- _Exercise data_
::::::::::

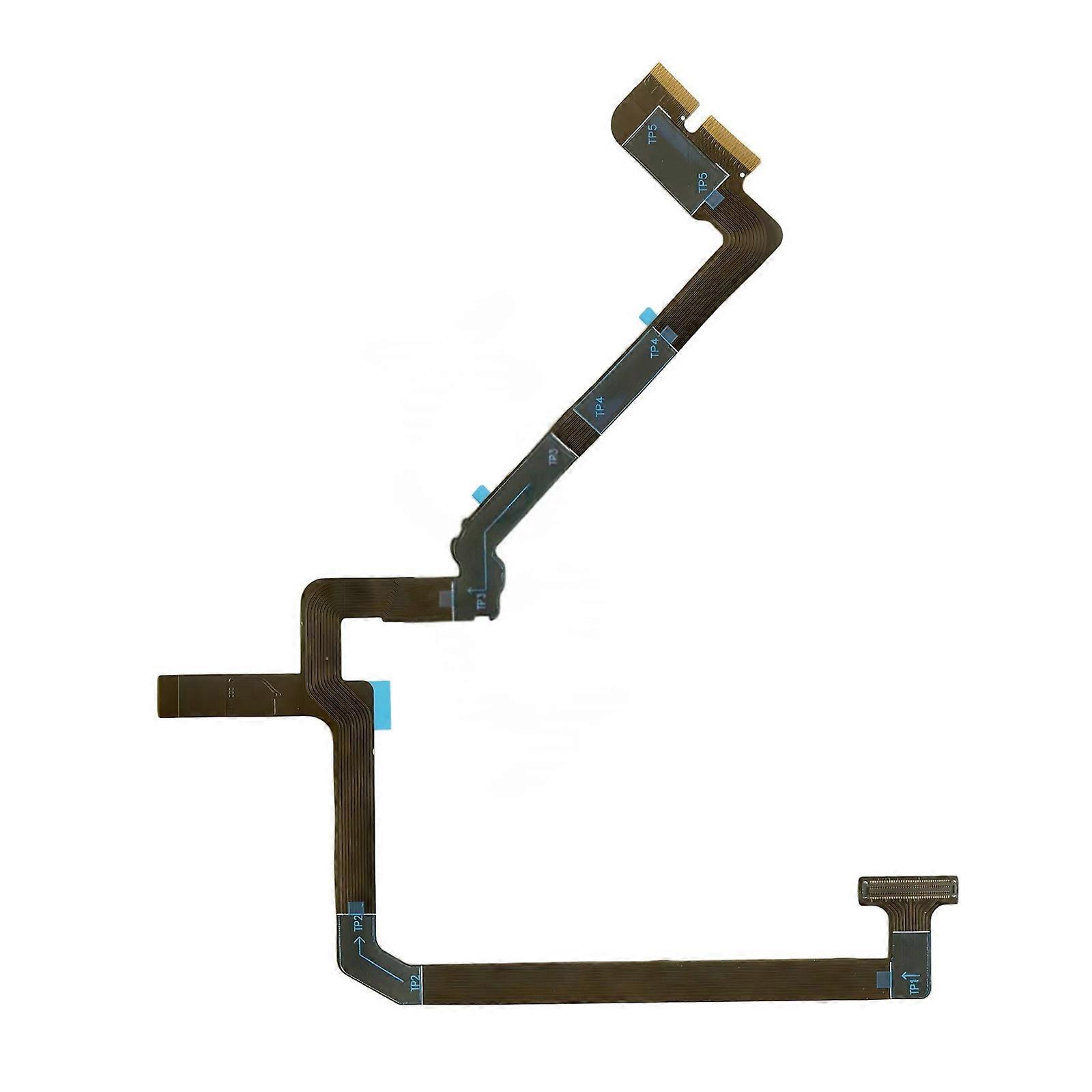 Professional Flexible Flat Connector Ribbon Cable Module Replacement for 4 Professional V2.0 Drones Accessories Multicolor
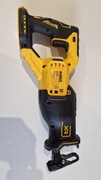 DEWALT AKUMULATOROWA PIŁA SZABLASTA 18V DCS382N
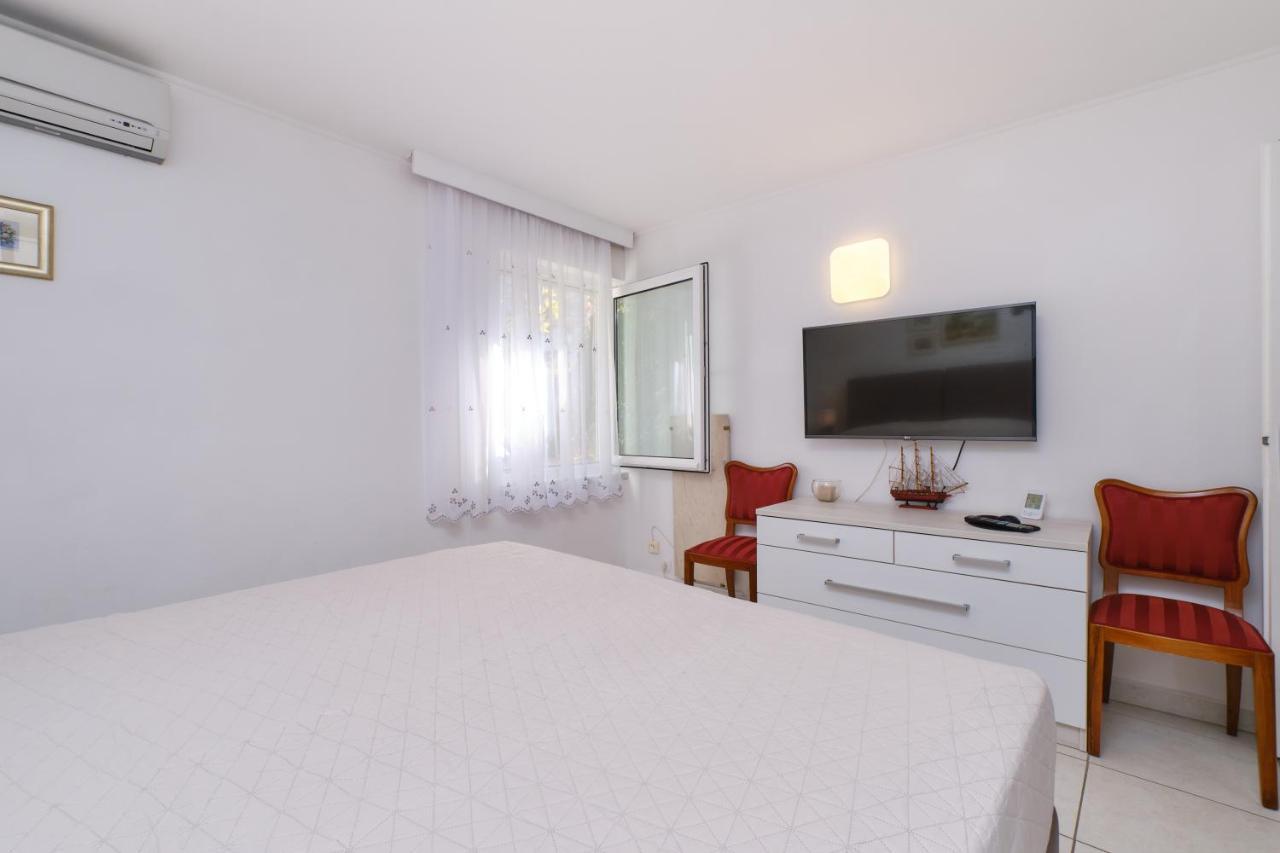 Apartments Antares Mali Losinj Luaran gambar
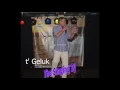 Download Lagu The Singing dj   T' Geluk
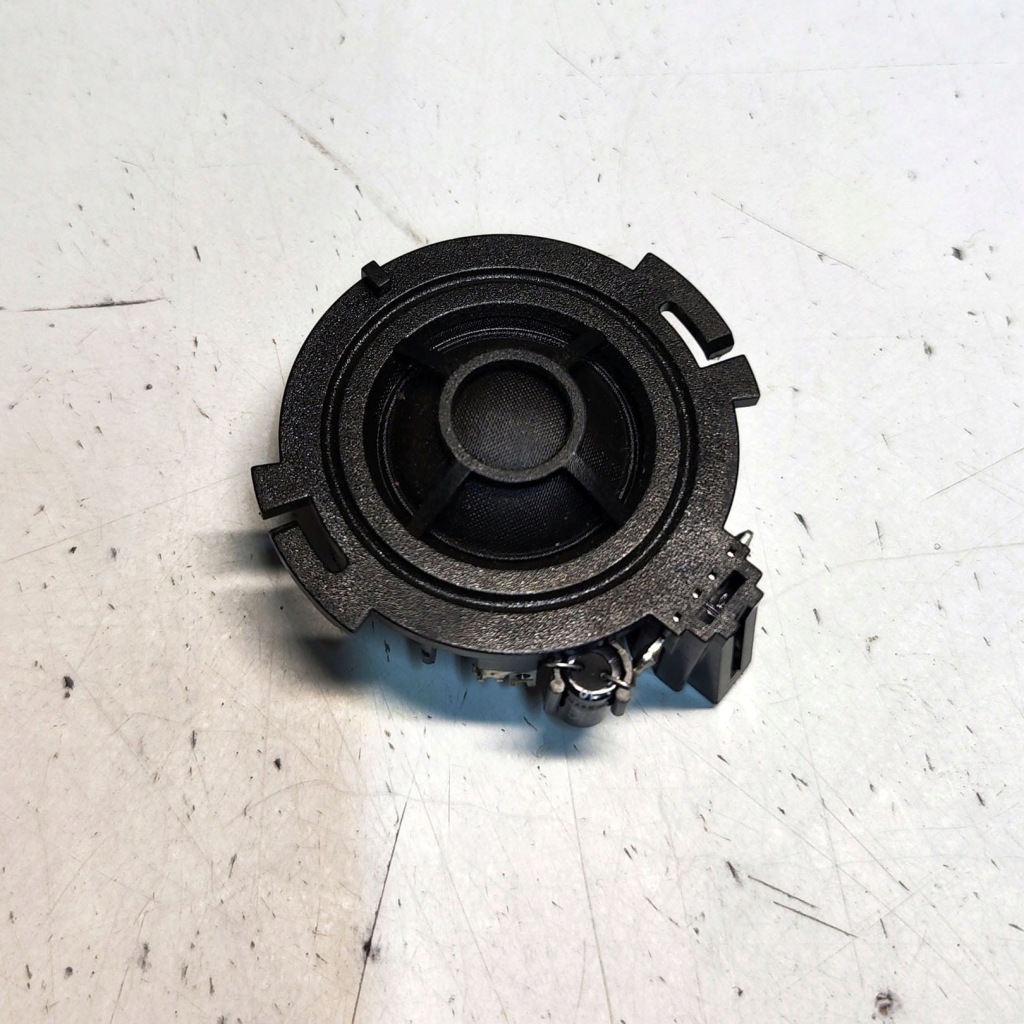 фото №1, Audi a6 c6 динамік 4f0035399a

::::::::::

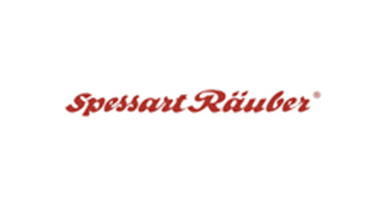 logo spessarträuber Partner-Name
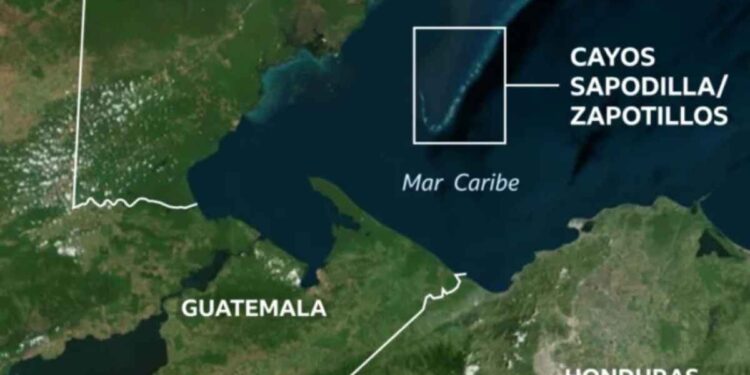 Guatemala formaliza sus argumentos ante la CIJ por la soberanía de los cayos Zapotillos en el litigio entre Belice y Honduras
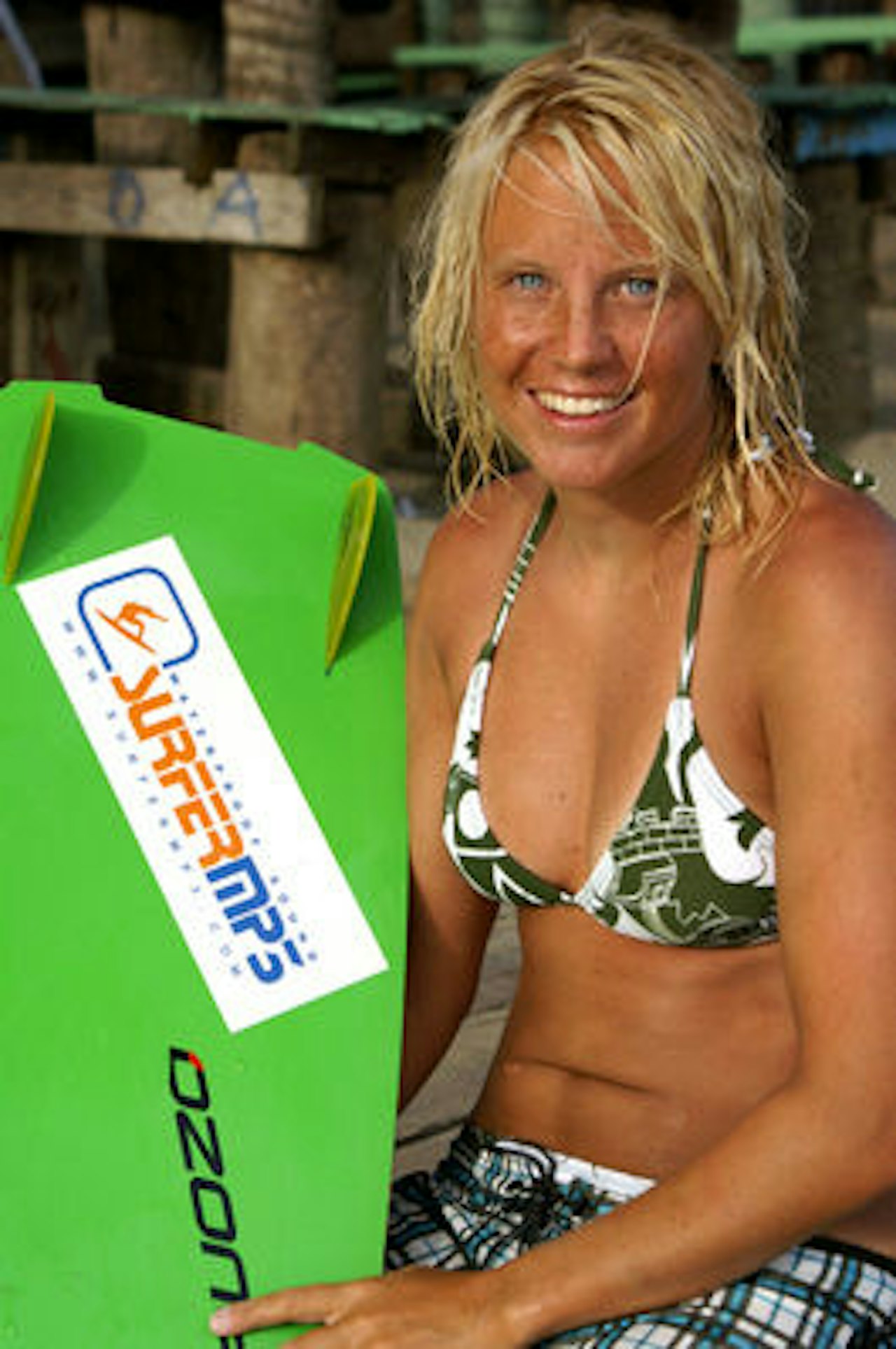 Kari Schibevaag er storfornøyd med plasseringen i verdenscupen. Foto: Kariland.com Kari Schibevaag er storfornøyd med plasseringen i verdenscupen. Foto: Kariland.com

::::::::::

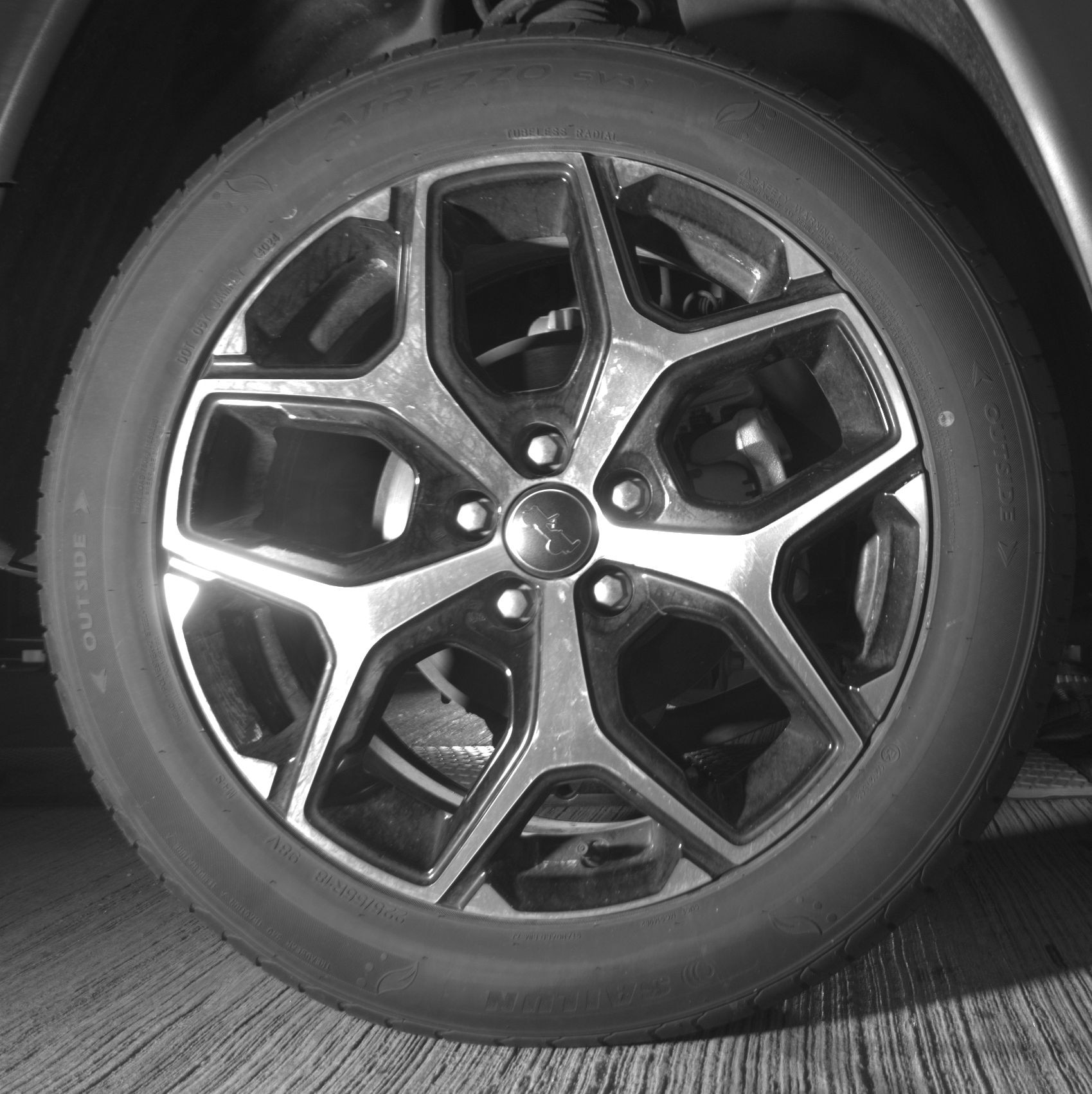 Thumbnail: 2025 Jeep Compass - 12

::::::::::

- _The problem_
Only one stretch of the listing is wanted: the lines starting at the one with "Apartments Antares Mali Losinj Luaran gambar" and ending at the one with "фото №1, Audi a6 c6 динамік 4f0035399a", copied exactly and free of pictures.

- _Written response_
 Apartments Antares Mali Losinj Luaran gambar
 Download Lagu The Singing dj   T' Geluk
 фото №1, Audi a6 c6 динамік 4f0035399a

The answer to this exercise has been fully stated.